Yeah. One basic problem is that "health" is a spectrum. What should be determined is "healthy" or "unhealthy" is just a matter of perception, opinion, and convenience. It's not so much that science loses, it's that science is inherently less effective the way we apply it to health, as opposed to physics or chemistry. You can't reproduce a human, so you can never completely reproduce a study or experiment conducted on humans. It's generally considered bad form to dissect a live human.

The best you can do is ask, what did this person, who we consider to be "healthy," do and not do? And, what did this other person, who we consider to be "less healthy" or even "unhealthy," do and not do?
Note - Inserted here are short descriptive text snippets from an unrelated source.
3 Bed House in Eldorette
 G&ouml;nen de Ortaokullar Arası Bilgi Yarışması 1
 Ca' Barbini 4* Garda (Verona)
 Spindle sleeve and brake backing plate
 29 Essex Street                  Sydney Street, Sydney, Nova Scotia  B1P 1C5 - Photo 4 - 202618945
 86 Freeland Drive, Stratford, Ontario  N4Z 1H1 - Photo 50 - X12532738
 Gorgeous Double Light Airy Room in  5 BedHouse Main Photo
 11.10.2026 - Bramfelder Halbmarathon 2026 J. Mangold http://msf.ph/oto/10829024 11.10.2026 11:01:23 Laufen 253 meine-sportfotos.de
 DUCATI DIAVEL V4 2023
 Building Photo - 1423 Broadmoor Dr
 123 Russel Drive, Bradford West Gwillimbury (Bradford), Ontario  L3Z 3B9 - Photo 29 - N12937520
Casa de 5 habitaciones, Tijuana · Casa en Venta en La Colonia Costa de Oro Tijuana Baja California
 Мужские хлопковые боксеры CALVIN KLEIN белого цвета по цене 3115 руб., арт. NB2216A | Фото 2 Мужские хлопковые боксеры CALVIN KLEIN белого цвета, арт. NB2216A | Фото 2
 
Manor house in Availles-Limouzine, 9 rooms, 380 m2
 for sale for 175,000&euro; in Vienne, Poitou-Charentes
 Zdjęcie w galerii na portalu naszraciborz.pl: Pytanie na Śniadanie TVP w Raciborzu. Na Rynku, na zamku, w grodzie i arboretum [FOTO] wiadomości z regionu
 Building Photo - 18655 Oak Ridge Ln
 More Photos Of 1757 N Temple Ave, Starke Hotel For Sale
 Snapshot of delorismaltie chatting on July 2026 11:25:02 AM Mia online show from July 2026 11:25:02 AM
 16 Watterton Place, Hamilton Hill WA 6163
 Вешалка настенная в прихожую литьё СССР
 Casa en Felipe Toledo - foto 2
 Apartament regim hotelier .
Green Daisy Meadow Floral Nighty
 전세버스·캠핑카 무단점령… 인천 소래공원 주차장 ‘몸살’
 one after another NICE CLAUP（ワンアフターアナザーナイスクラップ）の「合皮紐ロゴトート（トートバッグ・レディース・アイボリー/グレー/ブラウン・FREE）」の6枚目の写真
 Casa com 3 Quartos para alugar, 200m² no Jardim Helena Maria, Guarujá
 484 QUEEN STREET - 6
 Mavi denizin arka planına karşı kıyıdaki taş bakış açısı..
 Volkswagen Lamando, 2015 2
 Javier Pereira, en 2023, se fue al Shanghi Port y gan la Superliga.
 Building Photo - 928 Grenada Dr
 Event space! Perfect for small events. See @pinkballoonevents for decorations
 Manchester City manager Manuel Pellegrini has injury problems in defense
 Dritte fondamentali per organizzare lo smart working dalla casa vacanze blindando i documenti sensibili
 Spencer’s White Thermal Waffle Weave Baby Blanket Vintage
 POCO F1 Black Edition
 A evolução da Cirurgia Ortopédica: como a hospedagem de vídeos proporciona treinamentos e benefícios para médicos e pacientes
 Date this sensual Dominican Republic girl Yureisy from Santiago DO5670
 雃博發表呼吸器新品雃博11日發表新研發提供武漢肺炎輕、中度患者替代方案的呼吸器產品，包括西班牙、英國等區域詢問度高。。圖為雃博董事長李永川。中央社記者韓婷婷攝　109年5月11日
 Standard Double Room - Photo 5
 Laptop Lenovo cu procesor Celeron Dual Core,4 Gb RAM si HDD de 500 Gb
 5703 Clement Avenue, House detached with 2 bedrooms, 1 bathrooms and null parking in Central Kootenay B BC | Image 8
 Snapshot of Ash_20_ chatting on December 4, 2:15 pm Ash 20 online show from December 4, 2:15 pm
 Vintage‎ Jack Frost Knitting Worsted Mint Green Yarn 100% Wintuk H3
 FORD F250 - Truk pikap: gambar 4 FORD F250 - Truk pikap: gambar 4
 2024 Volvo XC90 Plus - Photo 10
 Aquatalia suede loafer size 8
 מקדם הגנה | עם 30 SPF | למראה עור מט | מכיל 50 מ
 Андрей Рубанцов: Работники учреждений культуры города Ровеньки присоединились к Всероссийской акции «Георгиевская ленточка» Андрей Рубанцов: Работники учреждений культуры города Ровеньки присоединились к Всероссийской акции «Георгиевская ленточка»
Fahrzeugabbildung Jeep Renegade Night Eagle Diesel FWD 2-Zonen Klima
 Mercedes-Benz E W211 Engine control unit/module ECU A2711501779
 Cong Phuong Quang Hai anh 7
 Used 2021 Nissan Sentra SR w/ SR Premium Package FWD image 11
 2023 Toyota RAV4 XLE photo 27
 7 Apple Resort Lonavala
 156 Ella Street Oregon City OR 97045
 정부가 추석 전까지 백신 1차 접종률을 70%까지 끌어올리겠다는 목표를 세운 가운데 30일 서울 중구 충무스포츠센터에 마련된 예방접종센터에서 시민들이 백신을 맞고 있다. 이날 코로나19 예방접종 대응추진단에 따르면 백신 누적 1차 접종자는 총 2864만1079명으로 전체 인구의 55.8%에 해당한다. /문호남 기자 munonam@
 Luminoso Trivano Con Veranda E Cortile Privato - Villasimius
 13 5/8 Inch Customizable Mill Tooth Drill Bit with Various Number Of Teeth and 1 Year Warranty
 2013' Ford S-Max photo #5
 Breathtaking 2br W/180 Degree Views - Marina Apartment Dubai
We accumulate hundreds or thousands of those case studies. Out of that, medical and health establishments find as many binaries as they can, but for the rest of the possible observations come up with "ranges of normal." Within: Healthy. Outside: Unhealthy.

Then, in the unhealthy, they try to find similarities. This is where I think people, scientists, researchers, and patients often get their priorities wrong. Finding what is common among sick people only tells you about what sickness is. It doesn't tell you about what health is or how to create it. The only thing that will is asking what makes a healthy person healthy?